• WHAT TO PRODUCE: Give the data below again exactly as it stands. Omit the pictures.

• RAW DATA:
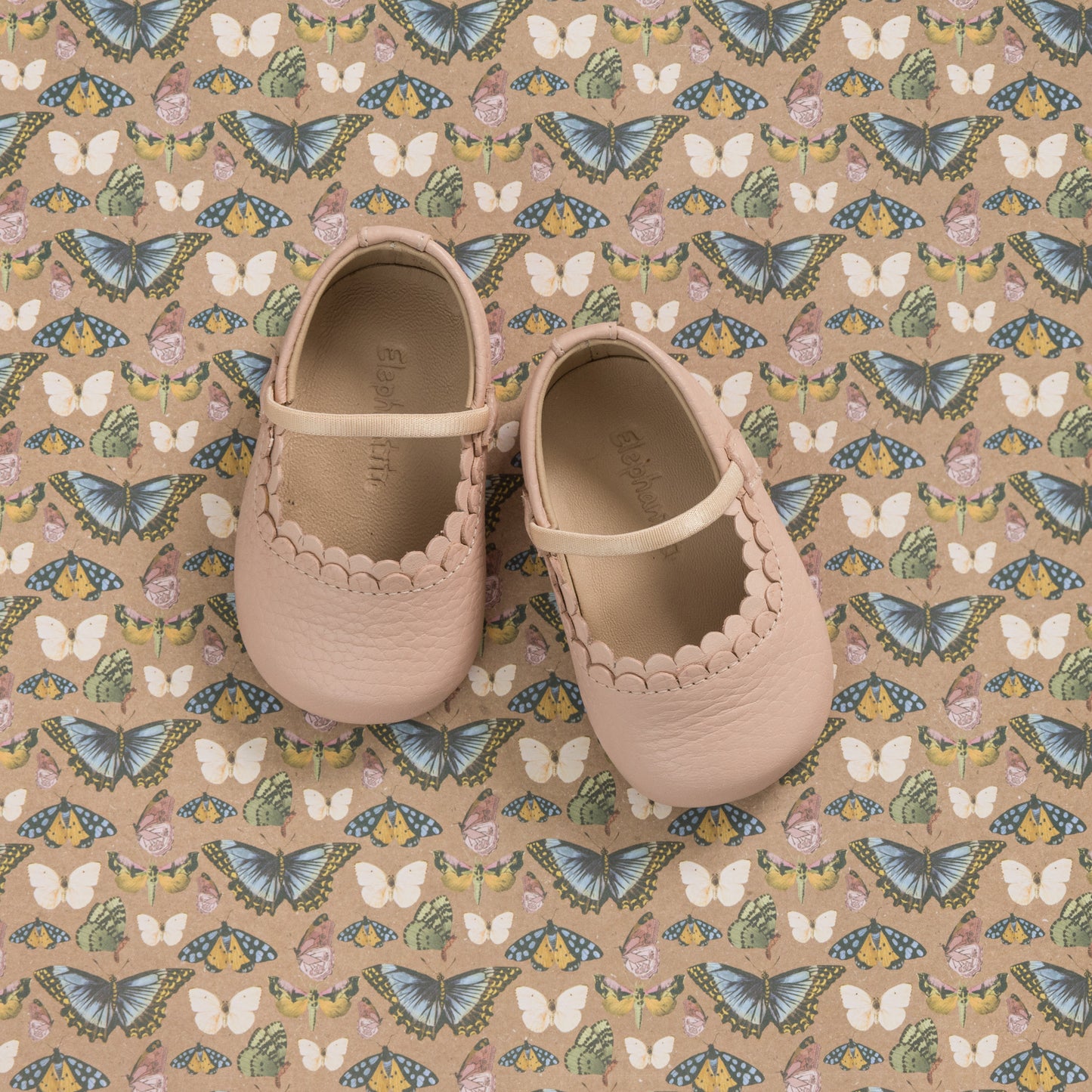Soft pink baby shoes with scalloped edges and a small strap, displayed on patterned fabric with butterflies and flowers.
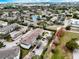 Wide aerial view of the community, highlighting the landscaping, pond, and surrounding buildings at 4802 51 W St # 1017, Bradenton, FL 34210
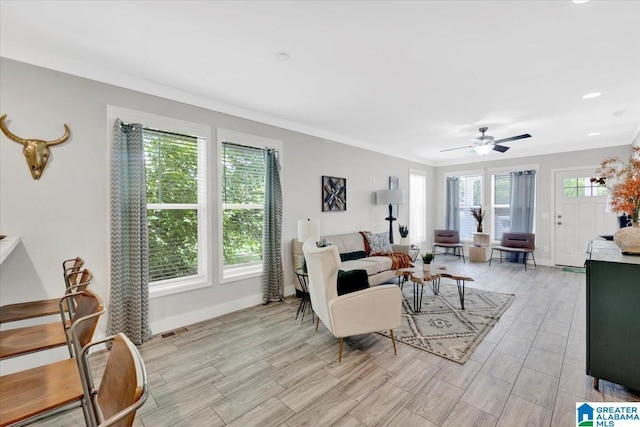 living room with ceiling fan and light hardwood / wood-style flooring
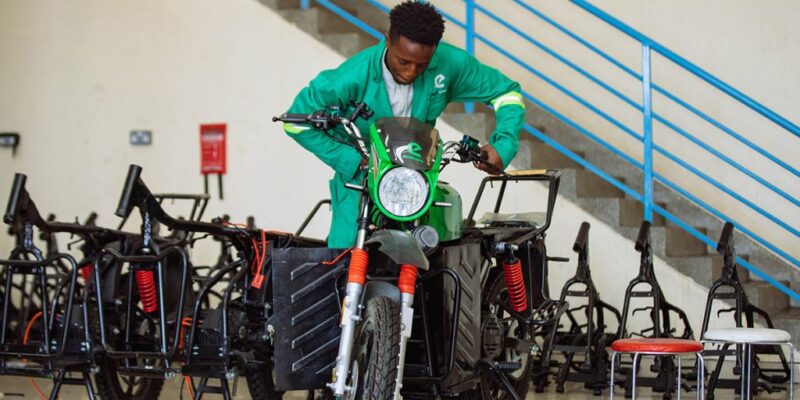 A mechanic working on a motorbike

• RESPONSE:
Soft pink baby shoes with scalloped edges and a small strap, displayed on patterned fabric with butterflies and flowers.
 Wide aerial view of the community, highlighting the landscaping, pond, and surrounding buildings at 4802 51 W St # 1017, Bradenton, FL 34210
 living room with ceiling fan and light hardwood / wood-style flooring
 A mechanic working on a motorbike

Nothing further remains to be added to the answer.